◆ **INPUT DATA**:
┄┄┄┄┄┄┄┄┄┄┄┄┄┄┄┄┄┄┄┄
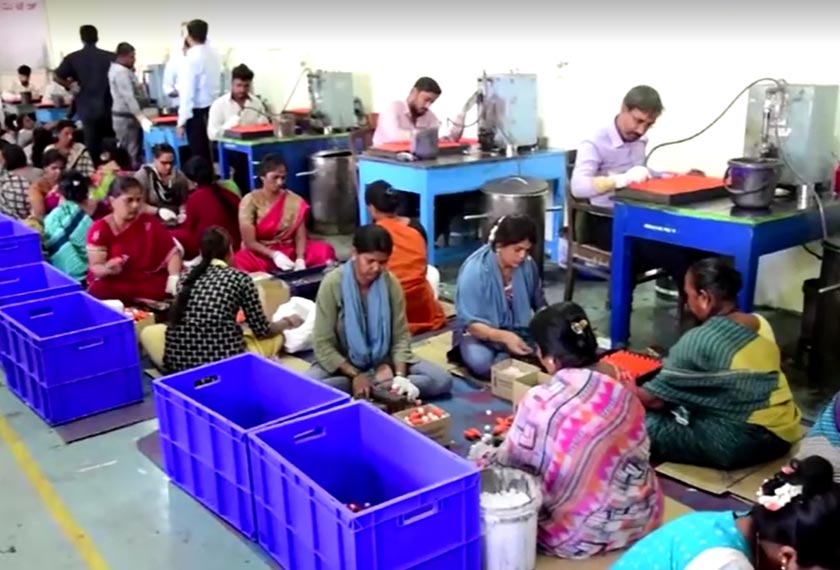 Workers packing orange-coloured plastic ink vials, Mysore, Karnataka, India. - Screengrab/REUTERS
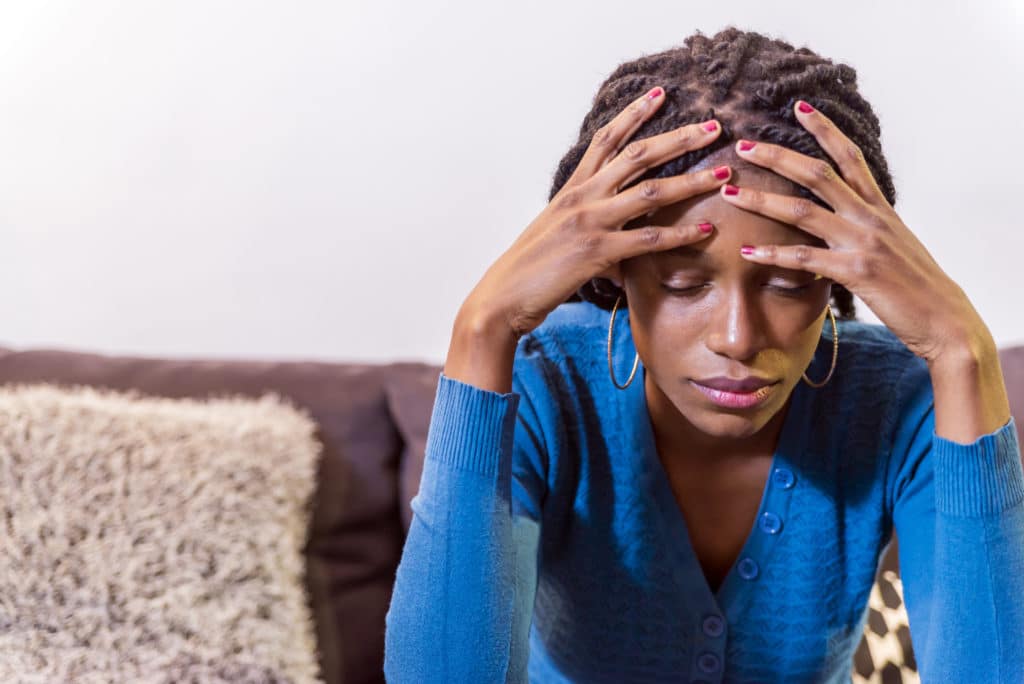 An African American woman sitting on a couch with her head in her hands appearing stressed.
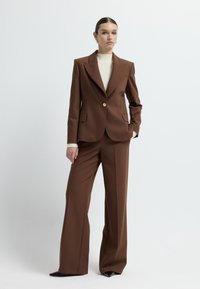 Bruine getailleerde blazer met een gesneden kraag, enkele gouden knop en twee zijzakken, gecombineerd met bijpassende wijde broek. Textured witte top eronder.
┄┄┄┄┄┄┄┄┄┄┄┄┄┄┄┄┄┄┄┄
Beginning with the line that has "An African American", repeat each remaining line of the data above word for word, keeping pictures out.

◆ **SOLUTION TO THE EXERCISE**:
 An African American woman sitting on a couch with her head in her hands appearing stressed.
 Bruine getailleerde blazer met een gesneden kraag, enkele gouden knop en twee zijzakken, gecombineerd met bijpassende wijde broek. Textured witte top eronder.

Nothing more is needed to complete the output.